Winter is coming and the ELFs have a lot of work to do in Santa's Christmas village. And the ELFs, as the name suggests, are big fans of Linux to get this work done in time. However, until now they only know about those old a crusty interfaces that we inherited from UNIX/POSIX. So, they require your help! On the way, you can learn something about old and new system calls of Linux.
The Operating System Group at the Hamburg University of Technology perpared a System-Call Advent calendar with 24 strace-filled doors for you. On every day of December, you will find a system-call, a concept or an interface of Linux that you might or might not yet know. Behind the door, there is a short article and a small programming exercise, for which we provide a commented solution on the following day.

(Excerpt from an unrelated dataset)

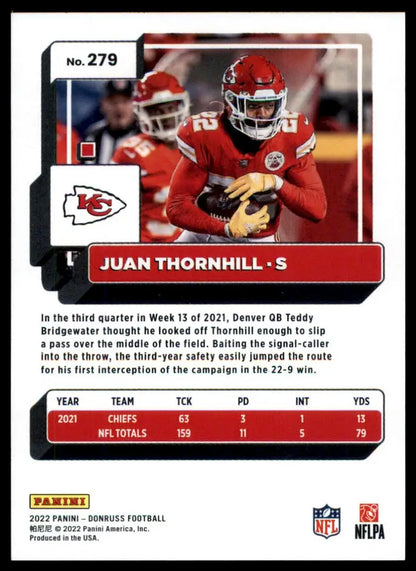 Juan Thornhill football card from 2022 Donruss Kansas City Chiefs collection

At this years SAFECOMP'22, we presented two papers on fault injection of transient hardware faults: Christian Dietrich presented our paper SailFAIL, where we explain how to derive fault-injection platforms form formal CPU models. Tim-Marek Thomas presented ACTOR, an method how to use dynamic timeout detectors to speed up large fault-injection campaigns.
Tobias Landsberg presents our paper TASTING: Reuse Test-case Execution by Global AST Hashing at the 17th International Conference on Sofware Technologies (ICSOFT '22) in Lisbon. In the paper we describe TASTING, an approach for efficiently selecting and reusing regression-test executions across program changes, branches, and variants in continuous integration settings. TASTING can dramatically speed-up test suite executions by recursively composing hashes of all relevant syntatic elements into a semantic fingerprint of the test and its execution environment, so identical test executions can easily be detected and skipped. This is an important building block for variant-aware testing in the CADOS project.

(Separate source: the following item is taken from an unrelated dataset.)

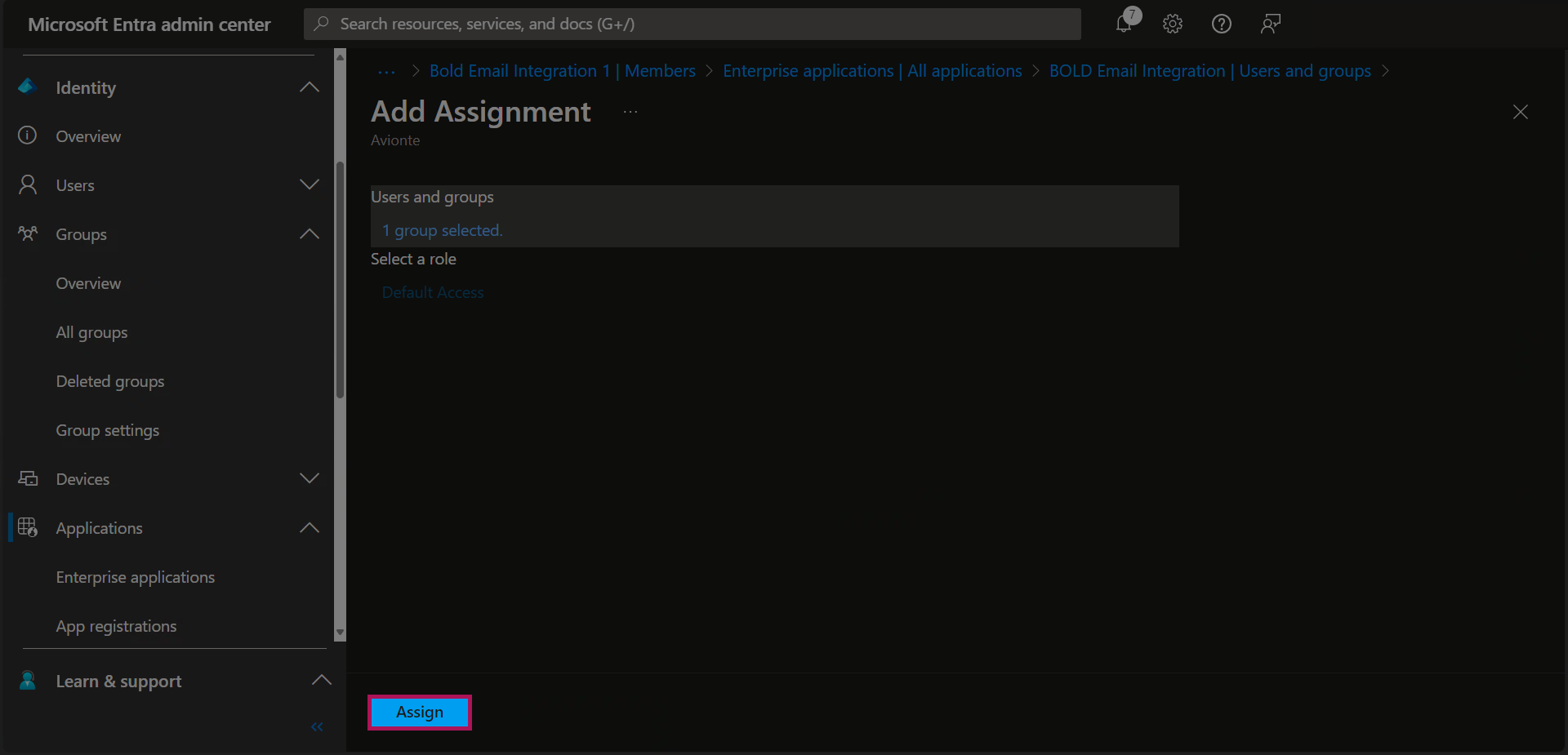 Entra - Enterprise Applications - Bold Selected - Users And Groups - Assign Users And Groups - Group Selected - Assign Button.png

Tobias got the Best Student Paper award for this work!
- ParPerOS: Parallel Persistency OS (DFG: DI 2840/2-1)
- In ParPerOS, we examine new abstractions for unified but efficient and optionally crash-consistent low-level memory management for data objects in heterogeneous memory systems that consist of volatile, persistent, distributed and other types of main memory.
The Priority-Strict Interrupt Controller (PSIC) delivers prioritized interrupt requests in a multi-core system. Thereby, the PSIC ensures that always the highest-priority interrupt handlers are run on our CPUs. Christian Dietrich presented our Paper PSIC: Priority-Strict Multi-Core IRQ Processing at ISORC'22, where our work was awarded as one of two Outstanding Papers.